Leesa Wheelahan: Yes. I started teaching in TAFE in 1994 in community development and I don’t think I ever really left that head set. That’s how I started – as a community development teacher and actually it was that that got me into everything I’ve done subsequently. So, I was at Victoria University, which as you know is a dual sector university, and I got seconded to develop a policy framework for pathways and credit transfer and open access and for me that was just taking community development inside the academy. It was a form of community development and everything I’ve done since then basically stems from that.
PF: There is a very strong sense in which you have maintained your TAFE roots and your connections with and political commitment to the sector and to its work?
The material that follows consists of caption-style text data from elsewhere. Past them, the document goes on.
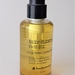 Deep Cleanse Face Oil OILY ACNE PRONE SKIN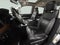 2020 Toyota Tundra 4WD Limited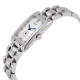 Longines L52554876 DolceVita 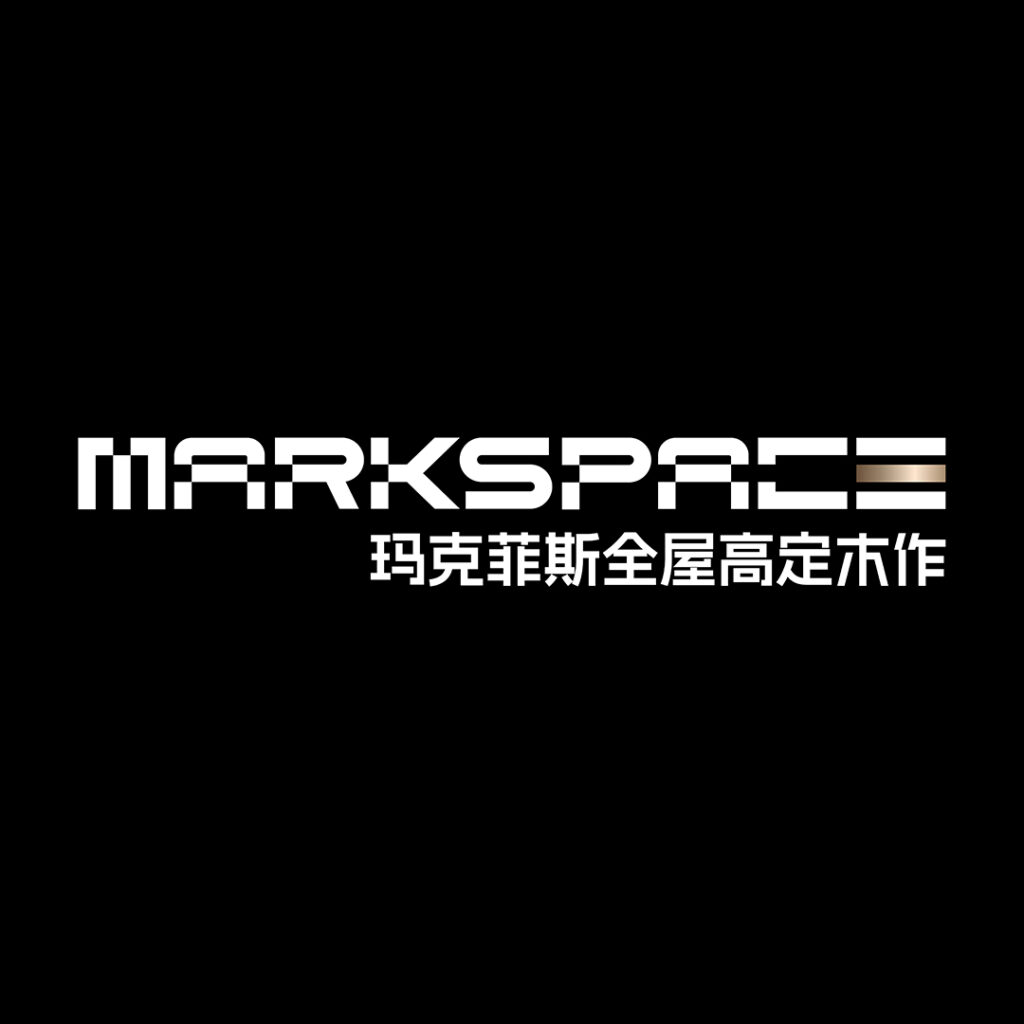 Twish China marketing case studies - mark space
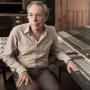 Andrew Lloyd Webber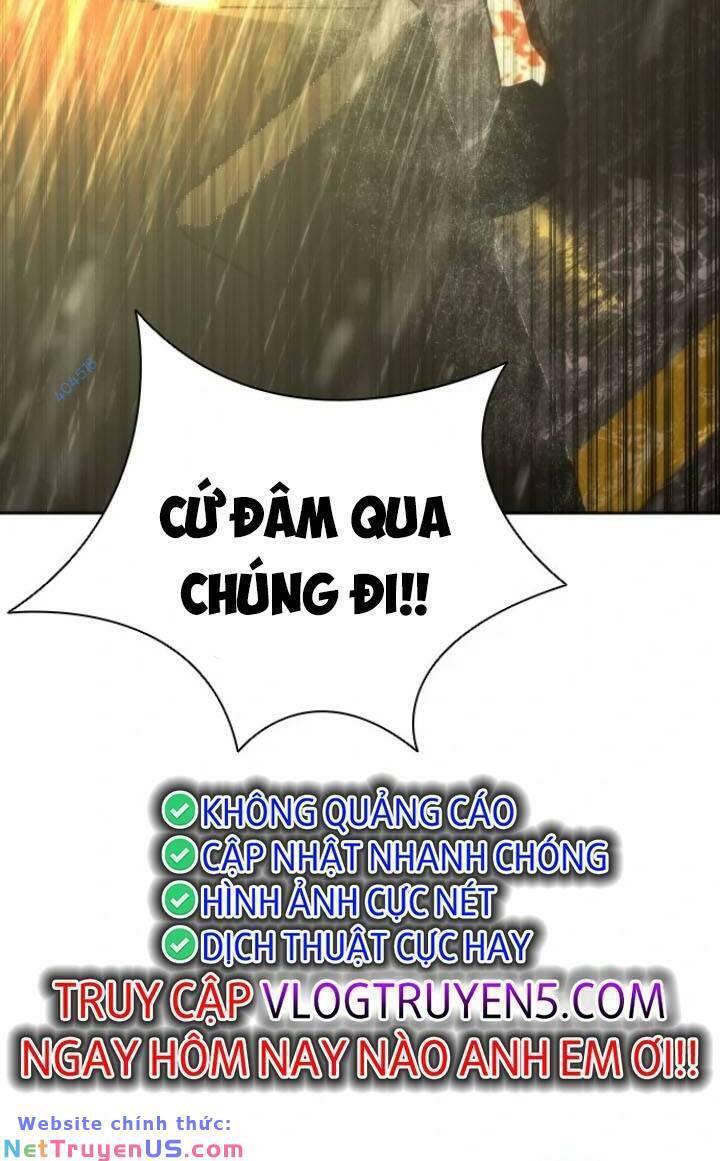 Chương 5 - Trang 92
LW: Absolutely, for a whole lot of reasons, because I think that TAFE matters a lot. And it changes peoples’ lives and it’s fundamental to the future of Australian society, and also in giving people the opportunity to do what they want with their lives. That’s why I’ve been so upset with so many of the policies over the last 20 years, because they’ve been narrowing TAFE’s role and function. So, for me TAFE is intrinsic to social justice, intrinsic to a just society and if you mess with TAFE you start to undo a key institution that can make an important contribution to socially cohesive, just and tolerant society. So I think TAFE’s role is fundamental for all those things.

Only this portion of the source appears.